[Task requirements] Images do not belong in the copy. Retype the entries exactly.

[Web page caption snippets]
————————

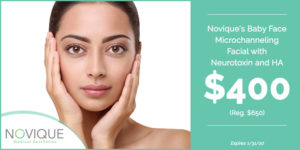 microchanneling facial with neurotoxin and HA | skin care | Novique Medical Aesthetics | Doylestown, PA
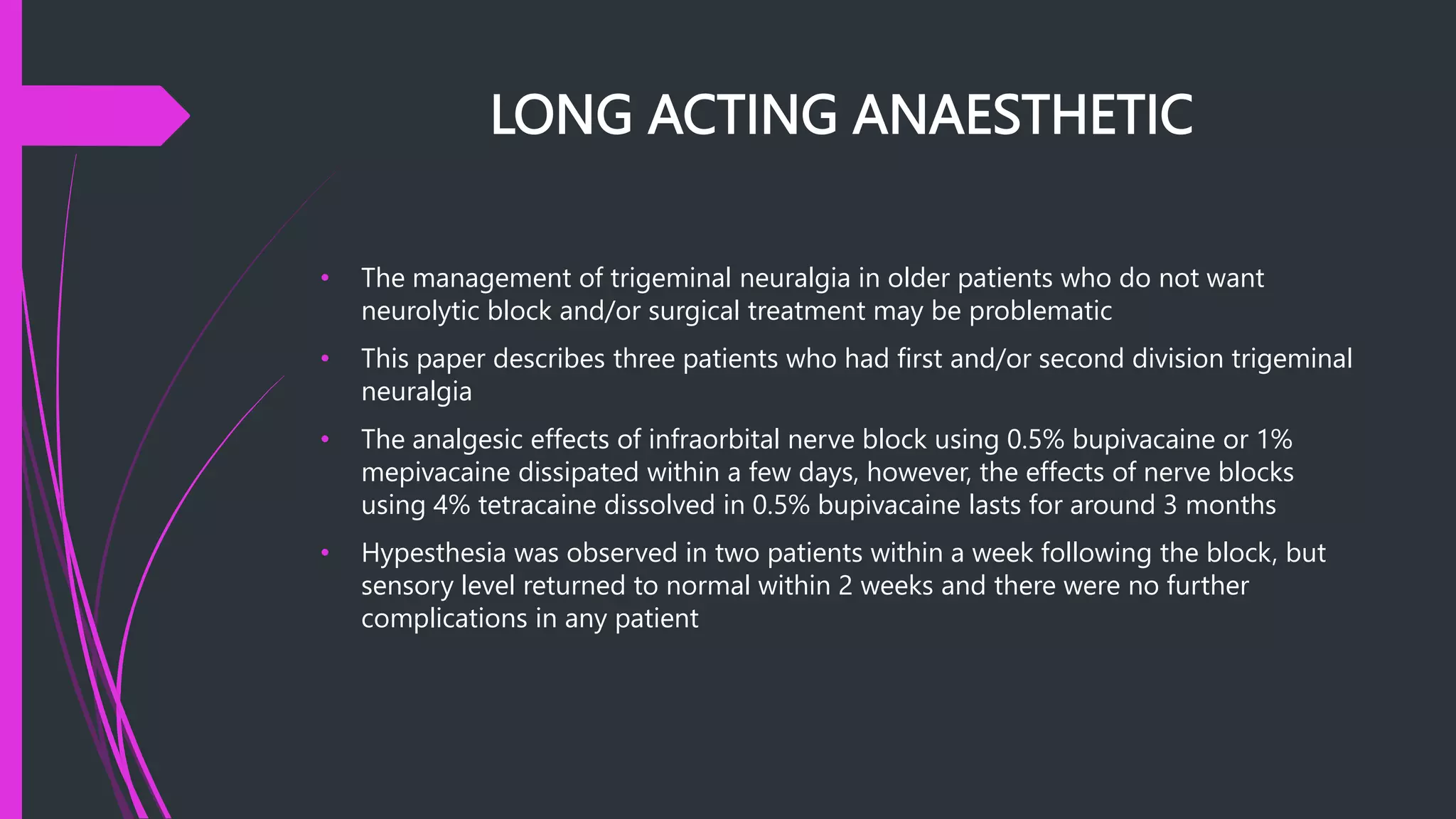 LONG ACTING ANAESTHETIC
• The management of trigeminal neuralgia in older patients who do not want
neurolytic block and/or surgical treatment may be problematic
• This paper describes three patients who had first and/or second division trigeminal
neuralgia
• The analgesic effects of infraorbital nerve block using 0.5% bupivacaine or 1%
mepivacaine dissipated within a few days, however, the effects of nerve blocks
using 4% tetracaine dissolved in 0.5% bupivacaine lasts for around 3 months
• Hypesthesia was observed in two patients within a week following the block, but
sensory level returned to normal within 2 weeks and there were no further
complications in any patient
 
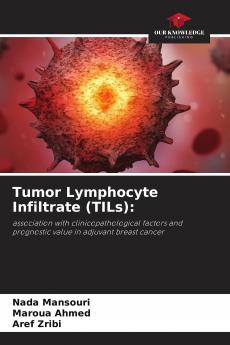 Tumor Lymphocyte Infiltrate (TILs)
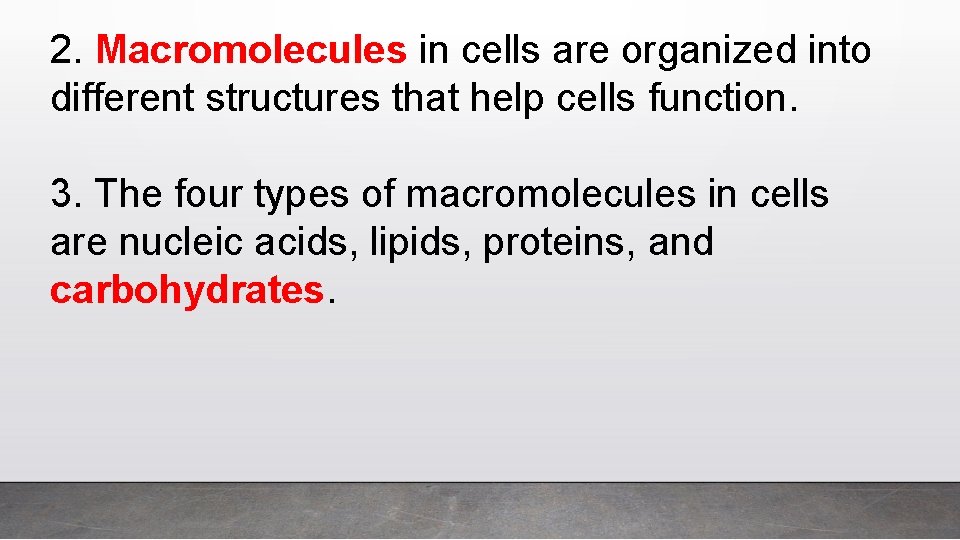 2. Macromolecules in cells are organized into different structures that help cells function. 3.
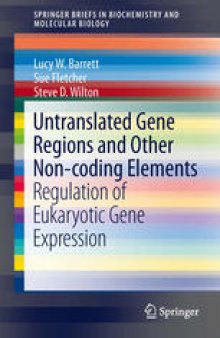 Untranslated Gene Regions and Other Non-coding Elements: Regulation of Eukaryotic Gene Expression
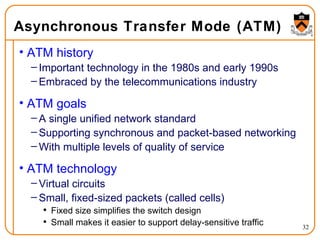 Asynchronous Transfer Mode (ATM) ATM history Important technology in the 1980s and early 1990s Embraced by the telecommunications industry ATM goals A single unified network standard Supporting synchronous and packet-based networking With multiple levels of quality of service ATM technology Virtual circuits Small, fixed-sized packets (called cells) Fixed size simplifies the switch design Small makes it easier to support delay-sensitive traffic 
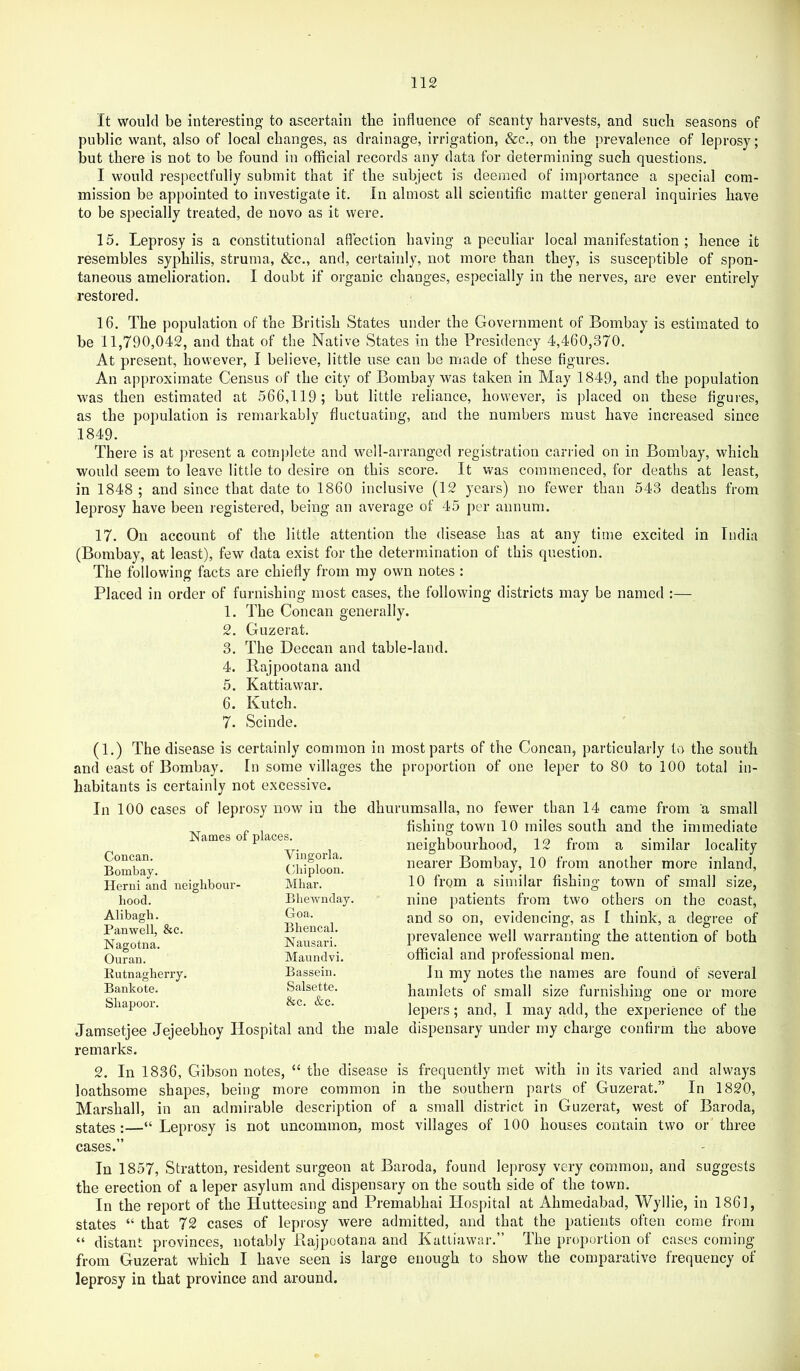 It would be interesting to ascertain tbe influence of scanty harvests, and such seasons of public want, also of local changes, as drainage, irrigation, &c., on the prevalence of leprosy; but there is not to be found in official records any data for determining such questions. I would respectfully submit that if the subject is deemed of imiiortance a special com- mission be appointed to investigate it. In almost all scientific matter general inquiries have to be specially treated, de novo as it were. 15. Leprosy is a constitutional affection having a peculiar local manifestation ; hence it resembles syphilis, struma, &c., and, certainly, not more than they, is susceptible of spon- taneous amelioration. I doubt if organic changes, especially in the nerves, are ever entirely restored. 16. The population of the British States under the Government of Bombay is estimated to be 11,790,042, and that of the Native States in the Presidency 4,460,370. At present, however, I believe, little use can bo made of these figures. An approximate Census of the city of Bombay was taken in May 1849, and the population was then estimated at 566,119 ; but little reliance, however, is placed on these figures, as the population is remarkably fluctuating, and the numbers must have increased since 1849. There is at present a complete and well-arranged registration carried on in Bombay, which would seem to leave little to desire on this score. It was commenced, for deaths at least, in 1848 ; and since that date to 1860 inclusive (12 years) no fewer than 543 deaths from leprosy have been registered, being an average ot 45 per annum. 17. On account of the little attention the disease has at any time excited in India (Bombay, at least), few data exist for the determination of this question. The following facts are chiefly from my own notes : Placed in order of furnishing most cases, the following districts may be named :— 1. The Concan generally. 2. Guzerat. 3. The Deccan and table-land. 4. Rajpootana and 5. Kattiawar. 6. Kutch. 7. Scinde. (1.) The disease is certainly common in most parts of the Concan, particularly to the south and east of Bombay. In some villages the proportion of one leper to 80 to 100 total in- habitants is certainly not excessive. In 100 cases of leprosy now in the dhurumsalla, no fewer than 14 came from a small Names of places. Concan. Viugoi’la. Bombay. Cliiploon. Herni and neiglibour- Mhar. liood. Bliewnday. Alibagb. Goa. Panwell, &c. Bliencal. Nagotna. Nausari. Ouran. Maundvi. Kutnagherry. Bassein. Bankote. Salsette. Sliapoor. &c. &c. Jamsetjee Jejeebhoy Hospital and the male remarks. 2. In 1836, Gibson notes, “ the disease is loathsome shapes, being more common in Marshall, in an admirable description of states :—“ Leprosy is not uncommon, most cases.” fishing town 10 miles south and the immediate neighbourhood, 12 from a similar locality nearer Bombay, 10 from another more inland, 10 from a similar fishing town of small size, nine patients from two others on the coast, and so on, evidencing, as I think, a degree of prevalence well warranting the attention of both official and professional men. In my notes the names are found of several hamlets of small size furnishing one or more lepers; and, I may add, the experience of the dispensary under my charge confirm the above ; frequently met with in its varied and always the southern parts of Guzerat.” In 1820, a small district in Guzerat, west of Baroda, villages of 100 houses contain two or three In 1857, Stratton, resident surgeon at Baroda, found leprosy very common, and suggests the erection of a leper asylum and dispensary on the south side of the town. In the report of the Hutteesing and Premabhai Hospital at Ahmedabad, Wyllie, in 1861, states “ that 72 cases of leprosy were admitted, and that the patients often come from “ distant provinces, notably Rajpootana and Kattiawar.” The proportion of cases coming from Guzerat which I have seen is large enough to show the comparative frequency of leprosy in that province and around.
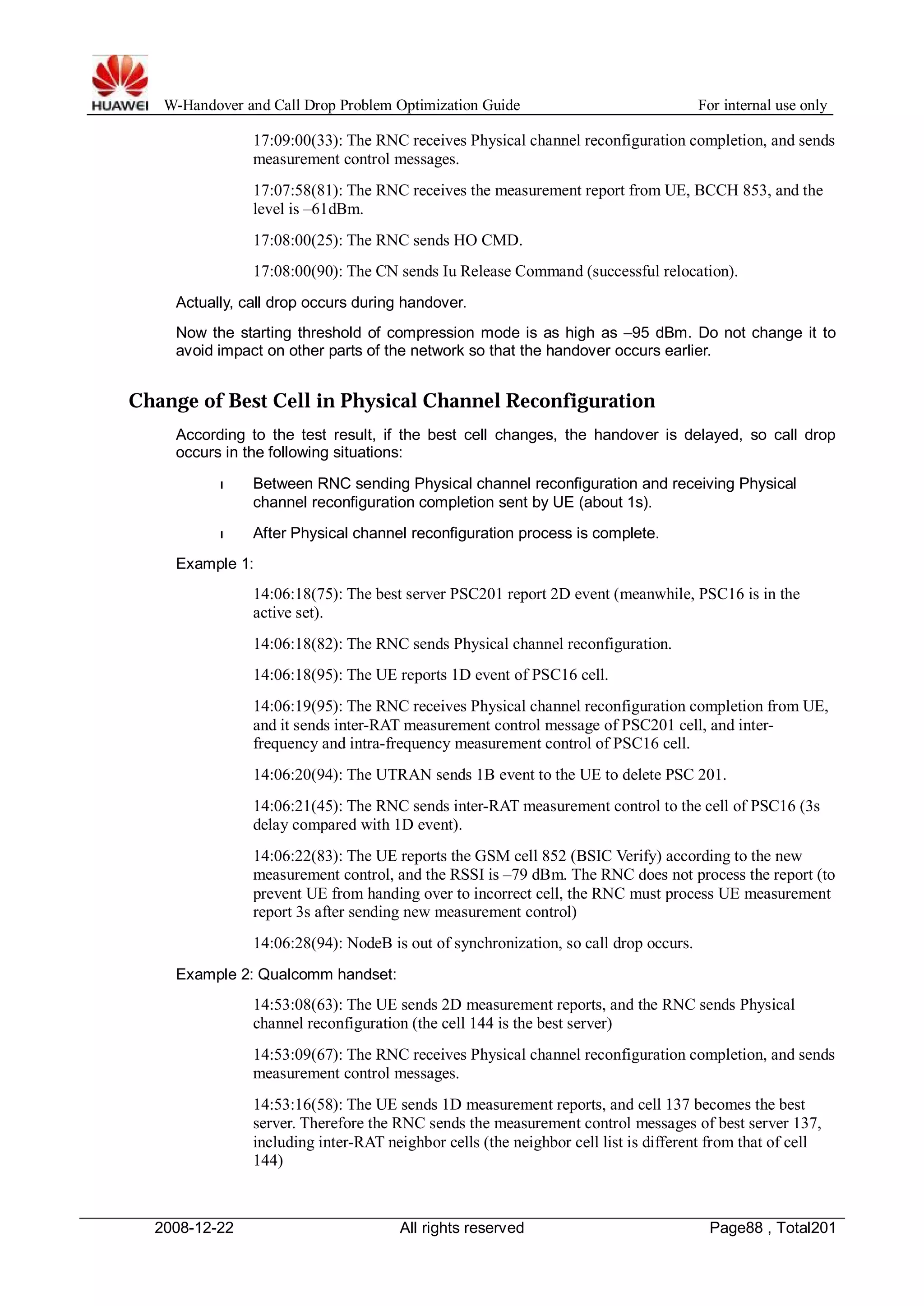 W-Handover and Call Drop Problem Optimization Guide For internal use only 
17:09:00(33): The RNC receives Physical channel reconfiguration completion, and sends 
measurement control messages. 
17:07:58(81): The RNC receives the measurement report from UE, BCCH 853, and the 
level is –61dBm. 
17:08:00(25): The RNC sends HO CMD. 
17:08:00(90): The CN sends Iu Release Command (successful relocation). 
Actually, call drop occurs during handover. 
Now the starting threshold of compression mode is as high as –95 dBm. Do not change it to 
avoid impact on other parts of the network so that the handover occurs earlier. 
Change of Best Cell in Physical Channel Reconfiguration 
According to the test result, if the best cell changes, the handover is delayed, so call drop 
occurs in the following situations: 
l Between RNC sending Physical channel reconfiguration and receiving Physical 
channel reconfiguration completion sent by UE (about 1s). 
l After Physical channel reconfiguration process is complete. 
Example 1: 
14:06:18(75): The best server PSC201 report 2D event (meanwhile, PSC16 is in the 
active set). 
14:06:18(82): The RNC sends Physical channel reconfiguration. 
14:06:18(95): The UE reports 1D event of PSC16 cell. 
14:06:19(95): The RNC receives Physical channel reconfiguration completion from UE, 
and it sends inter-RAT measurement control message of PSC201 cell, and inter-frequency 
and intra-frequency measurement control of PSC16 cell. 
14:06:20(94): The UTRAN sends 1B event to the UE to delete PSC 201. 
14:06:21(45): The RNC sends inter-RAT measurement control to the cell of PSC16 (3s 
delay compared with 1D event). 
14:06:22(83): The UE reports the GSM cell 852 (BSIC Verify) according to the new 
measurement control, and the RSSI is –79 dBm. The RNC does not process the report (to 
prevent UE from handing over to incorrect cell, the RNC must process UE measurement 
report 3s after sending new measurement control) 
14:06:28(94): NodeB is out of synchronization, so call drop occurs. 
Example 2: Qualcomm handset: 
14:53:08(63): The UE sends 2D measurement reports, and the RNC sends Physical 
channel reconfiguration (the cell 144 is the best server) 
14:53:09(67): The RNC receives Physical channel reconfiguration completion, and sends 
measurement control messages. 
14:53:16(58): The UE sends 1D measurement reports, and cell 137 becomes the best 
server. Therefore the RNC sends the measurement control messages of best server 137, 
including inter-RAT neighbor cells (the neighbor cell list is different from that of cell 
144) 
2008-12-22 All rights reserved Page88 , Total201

————————

[Exercise answer]
 microchanneling facial with neurotoxin and HA | skin care | Novique Medical Aesthetics | Doylestown, PA
 LONG ACTING ANAESTHETIC
• The management of trigeminal neuralgia in older patients who do not want
neurolytic block and/or surgical treatment may be problematic
• This paper describes three patients who had first and/or second division trigeminal
neuralgia
• The analgesic effects of infraorbital nerve block using 0.5% bupivacaine or 1%
mepivacaine dissipated within a few days, however, the effects of nerve blocks
using 4% tetracaine dissolved in 0.5% bupivacaine lasts for around 3 months
• Hypesthesia was observed in two patients within a week following the block, but
sensory level returned to normal within 2 weeks and there were no further
complications in any patient
 
 Tumor Lymphocyte Infiltrate (TILs)
 2. Macromolecules in cells are organized into different structures that help cells function. 3.
 Untranslated Gene Regions and Other Non-coding Elements: Regulation of Eukaryotic Gene Expression
 Asynchronous Transfer Mode (ATM) ATM history Important technology in the 1980s and early 1990s Embraced by the telecommunications industry ATM goals A single unified network standard Supporting synchronous and packet-based networking With multiple levels of quality of service ATM technology Virtual circuits Small, fixed-sized packets (called cells) Fixed size simplifies the switch design Small makes it easier to support delay-sensitive traffic 
 It would be interesting to ascertain tbe influence of scanty harvests, and such seasons of public want, also of local changes, as drainage, irrigation, &c., on the prevalence of leprosy; but there is not to be found in official records any data for determining such questions. I would respectfully submit that if the subject is deemed of imiiortance a special com- mission be appointed to investigate it. In almost all scientific matter general inquiries have to be specially treated, de novo as it were. 15. Leprosy is a constitutional affection having a peculiar local manifestation ; hence it resembles syphilis, struma, &c., and, certainly, not more than they, is susceptible of spon- taneous amelioration. I doubt if organic changes, especially in the nerves, are ever entirely restored. 16. The population of the British States under the Government of Bombay is estimated to be 11,790,042, and that of the Native States in the Presidency 4,460,370. At present, however, I believe, little use can bo made of these figures. An approximate Census of the city of Bombay was taken in May 1849, and the population was then estimated at 566,119 ; but little reliance, however, is placed on these figures, as the population is remarkably fluctuating, and the numbers must have increased since 1849. There is at present a complete and well-arranged registration carried on in Bombay, which would seem to leave little to desire on this score. It was commenced, for deaths at least, in 1848 ; and since that date to 1860 inclusive (12 years) no fewer than 543 deaths from leprosy have been registered, being an average ot 45 per annum. 17. On account of the little attention the disease has at any time excited in India (Bombay, at least), few data exist for the determination of this question. The following facts are chiefly from my own notes : Placed in order of furnishing most cases, the following districts may be named :— 1. The Concan generally. 2. Guzerat. 3. The Deccan and table-land. 4. Rajpootana and 5. Kattiawar. 6. Kutch. 7. Scinde. (1.) The disease is certainly common in most parts of the Concan, particularly to the south and east of Bombay. In some villages the proportion of one leper to 80 to 100 total in- habitants is certainly not excessive. In 100 cases of leprosy now in the dhurumsalla, no fewer than 14 came from a small Names of places. Concan. Viugoi’la. Bombay. Cliiploon. Herni and neiglibour- Mhar. liood. Bliewnday. Alibagb. Goa. Panwell, &c. Bliencal. Nagotna. Nausari. Ouran. Maundvi. Kutnagherry. Bassein. Bankote. Salsette. Sliapoor. &c. &c. Jamsetjee Jejeebhoy Hospital and the male remarks. 2. In 1836, Gibson notes, “ the disease is loathsome shapes, being more common in Marshall, in an admirable description of states :—“ Leprosy is not uncommon, most cases.” fishing town 10 miles south and the immediate neighbourhood, 12 from a similar locality nearer Bombay, 10 from another more inland, 10 from a similar fishing town of small size, nine patients from two others on the coast, and so on, evidencing, as I think, a degree of prevalence well warranting the attention of both official and professional men. In my notes the names are found of several hamlets of small size furnishing one or more lepers; and, I may add, the experience of the dispensary under my charge confirm the above ; frequently met with in its varied and always the southern parts of Guzerat.” In 1820, a small district in Guzerat, west of Baroda, villages of 100 houses contain two or three In 1857, Stratton, resident surgeon at Baroda, found leprosy very common, and suggests the erection of a leper asylum and dispensary on the south side of the town. In the report of the Hutteesing and Premabhai Hospital at Ahmedabad, Wyllie, in 1861, states “ that 72 cases of leprosy were admitted, and that the patients often come from “ distant provinces, notably Rajpootana and Kattiawar.” The proportion of cases coming from Guzerat which I have seen is large enough to show the comparative frequency of leprosy in that province and around.
 W-Handover and Call Drop Problem Optimization Guide For internal use only 
17:09:00(33): The RNC receives Physical channel reconfiguration completion, and sends 
measurement control messages. 
17:07:58(81): The RNC receives the measurement report from UE, BCCH 853, and the 
level is –61dBm. 
17:08:00(25): The RNC sends HO CMD. 
17:08:00(90): The CN sends Iu Release Command (successful relocation). 
Actually, call drop occurs during handover. 
Now the starting threshold of compression mode is as high as –95 dBm. Do not change it to 
avoid impact on other parts of the network so that the handover occurs earlier. 
Change of Best Cell in Physical Channel Reconfiguration 
According to the test result, if the best cell changes, the handover is delayed, so call drop 
occurs in the following situations: 
l Between RNC sending Physical channel reconfiguration and receiving Physical 
channel reconfiguration completion sent by UE (about 1s). 
l After Physical channel reconfiguration process is complete. 
Example 1: 
14:06:18(75): The best server PSC201 report 2D event (meanwhile, PSC16 is in the 
active set). 
14:06:18(82): The RNC sends Physical channel reconfiguration. 
14:06:18(95): The UE reports 1D event of PSC16 cell. 
14:06:19(95): The RNC receives Physical channel reconfiguration completion from UE, 
and it sends inter-RAT measurement control message of PSC201 cell, and inter-frequency 
and intra-frequency measurement control of PSC16 cell. 
14:06:20(94): The UTRAN sends 1B event to the UE to delete PSC 201. 
14:06:21(45): The RNC sends inter-RAT measurement control to the cell of PSC16 (3s 
delay compared with 1D event). 
14:06:22(83): The UE reports the GSM cell 852 (BSIC Verify) according to the new 
measurement control, and the RSSI is –79 dBm. The RNC does not process the report (to 
prevent UE from handing over to incorrect cell, the RNC must process UE measurement 
report 3s after sending new measurement control) 
14:06:28(94): NodeB is out of synchronization, so call drop occurs. 
Example 2: Qualcomm handset: 
14:53:08(63): The UE sends 2D measurement reports, and the RNC sends Physical 
channel reconfiguration (the cell 144 is the best server) 
14:53:09(67): The RNC receives Physical channel reconfiguration completion, and sends 
measurement control messages. 
14:53:16(58): The UE sends 1D measurement reports, and cell 137 becomes the best 
server. Therefore the RNC sends the measurement control messages of best server 137, 
including inter-RAT neighbor cells (the neighbor cell list is different from that of cell 
144) 
2008-12-22 All rights reserved Page88 , Total201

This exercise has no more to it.